Exercise directions:
What is needed is an exact copy of the lines from the one containing "Crystal Beaded Votive" through the last line of the records below, with no pictures.

Input data:
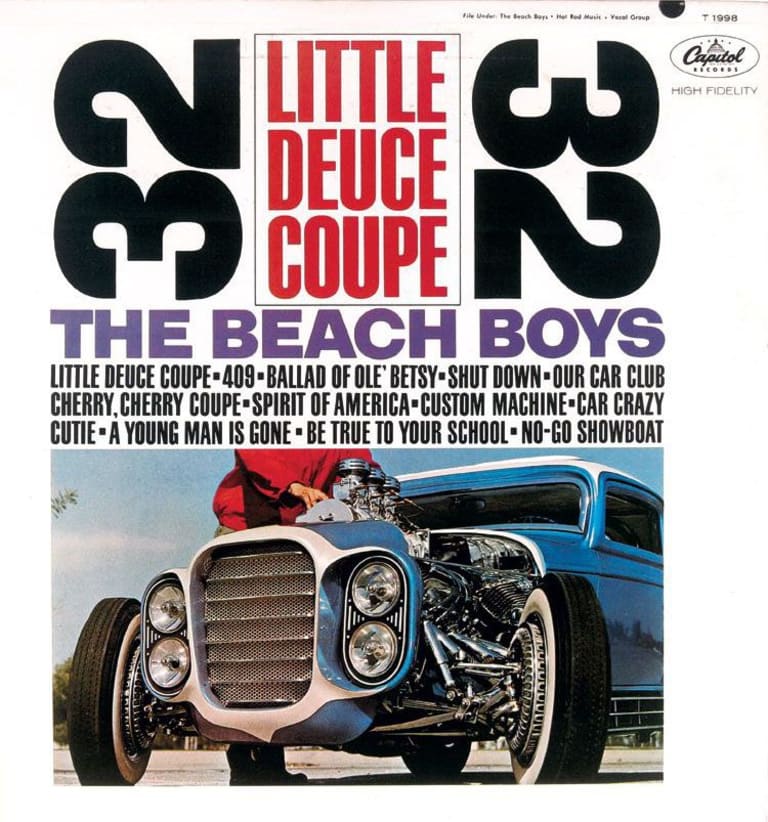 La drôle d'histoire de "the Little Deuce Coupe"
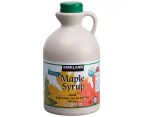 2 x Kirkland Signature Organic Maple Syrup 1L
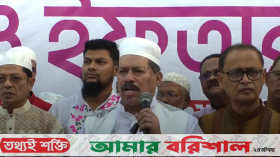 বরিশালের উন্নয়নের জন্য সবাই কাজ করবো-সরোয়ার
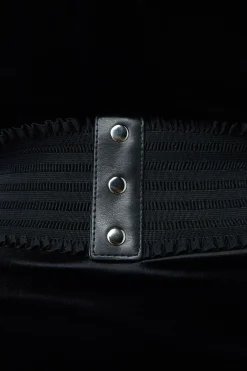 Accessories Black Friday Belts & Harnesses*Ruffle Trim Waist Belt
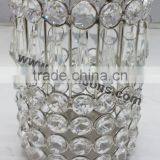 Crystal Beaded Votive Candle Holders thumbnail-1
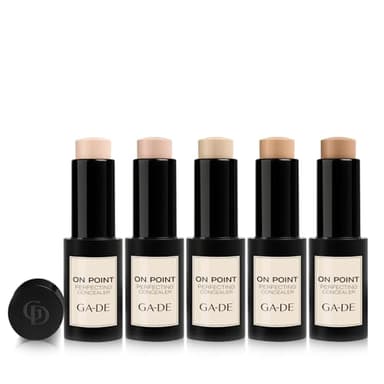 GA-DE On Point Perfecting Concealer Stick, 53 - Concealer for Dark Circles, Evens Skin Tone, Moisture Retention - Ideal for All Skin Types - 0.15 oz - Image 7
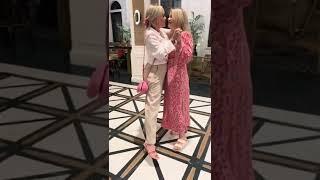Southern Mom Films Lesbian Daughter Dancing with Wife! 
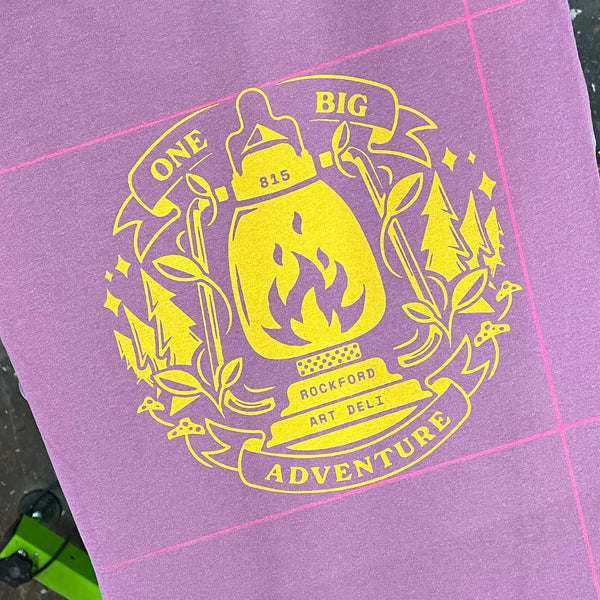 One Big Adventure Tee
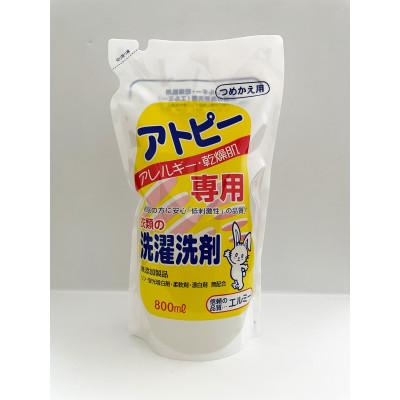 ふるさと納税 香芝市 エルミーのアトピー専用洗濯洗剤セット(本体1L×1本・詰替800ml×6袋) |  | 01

Answer section:
 Crystal Beaded Votive Candle Holders thumbnail-1
 GA-DE On Point Perfecting Concealer Stick, 53 - Concealer for Dark Circles, Evens Skin Tone, Moisture Retention - Ideal for All Skin Types - 0.15 oz - Image 7
Southern Mom Films Lesbian Daughter Dancing with Wife! 
 One Big Adventure Tee
 ふるさと納税 香芝市 エルミーのアトピー専用洗濯洗剤セット(本体1L×1本・詰替800ml×6袋) |  | 01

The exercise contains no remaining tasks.